Le réalisateur n’a rien démontré que nous ne sachions déjà avec un constat pessimiste que la plupart d’entre nous partagent mais il n’est pas allé assez loin : il a mis l’incommunicabilité en histoires, en images, en jouant sur les pleins et les vides, pléthore et carences : les cris et le silence, la mégapole et le désert, la surconsommation et la précarité, en montrant qu’on arrive à la solitude des nantis et à la solidarité des démunis, donc à une communication inversement proportionnelle aux moyens de communication. Le couple américain ne se retrouvera qu’au pire d’un dénuement matériel dont il ignorait tout quand un vétérinaire du village voisin viendra recoudre la plaie hémorragique de Susan sans asepsie qu’une flamme pour désinfecter une aiguille et qu’une vieille femme lui donnera une pipe d’opium à fumer comme antalgique. Finalement, on se sentirait donc moins seul dans le désert à se comprendre par signes avec les autochtones que dans une boite de nuit à Tokyo où on parle la même langue… Tragiquement, le seul véritable lien entre les peuples est ce fusil : donné par le père de la JF japonaise à son guide marocain qui le vend au père des deux enfants, etc…
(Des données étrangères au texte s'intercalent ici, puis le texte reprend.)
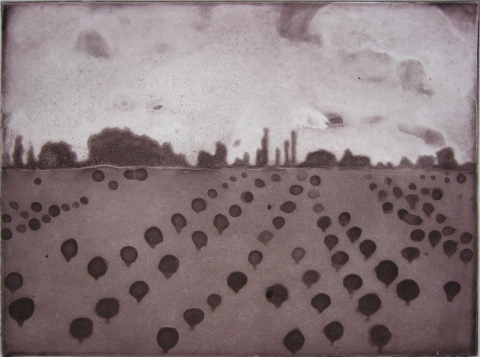 España Etchings Intaglio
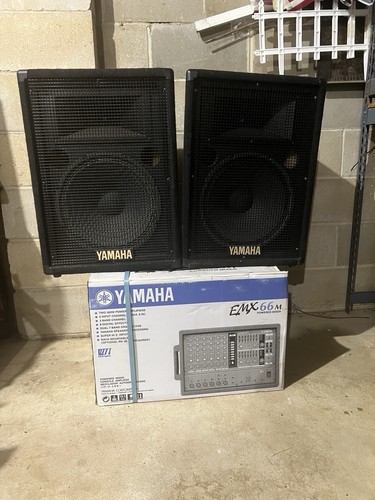 Yamaha emx 66m powered - yamaha,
Les images sont belles, on en attendait pas moins d’Inarritu, bien qu’il greffe facilement quelques cartes postales superflues : une lune dans le ciel, des nuages, des paysages, et qu’il surligne systématiquement les contrastes en enchaînant les plans silence/bruit, désert/foule etc… cela tout le long du film, ce qui devient vite un procédé, une démonstration permanente un peu lourde, voire moralisatrice.
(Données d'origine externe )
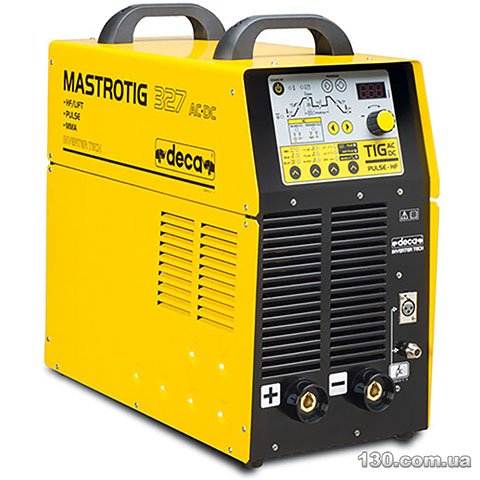 Welding machine DECA MASTROTIG 327 AC/DC (285000)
Dans l’ensemble, des trois films du réalisateur, c’est le plus grand public, il n’y a pas de longueurs, on s’attache aux personnages, c’est surexplicatif pour les distraits et le casting est réussi : Brad Pitt est très sobre dans son jeu, son physique moins parfait, le cheveu poivre et sel, des rides au coin des yeux, lui donne de la vérité, il se bonifie en n’étant pas utilisé comme un sex-symbol. Sauf que le problème avec ce genre de films d’un auteur visant un public plus large, c’est qu’ils sont souvent perçus comme trop commerciaux pour les cinéphiles et trop auteuristes pour le grand public, comme ça a été quelquefois le cas avec Soderbergh, par exemple… Les puristes préféreront « 21 grammes », c’est certain…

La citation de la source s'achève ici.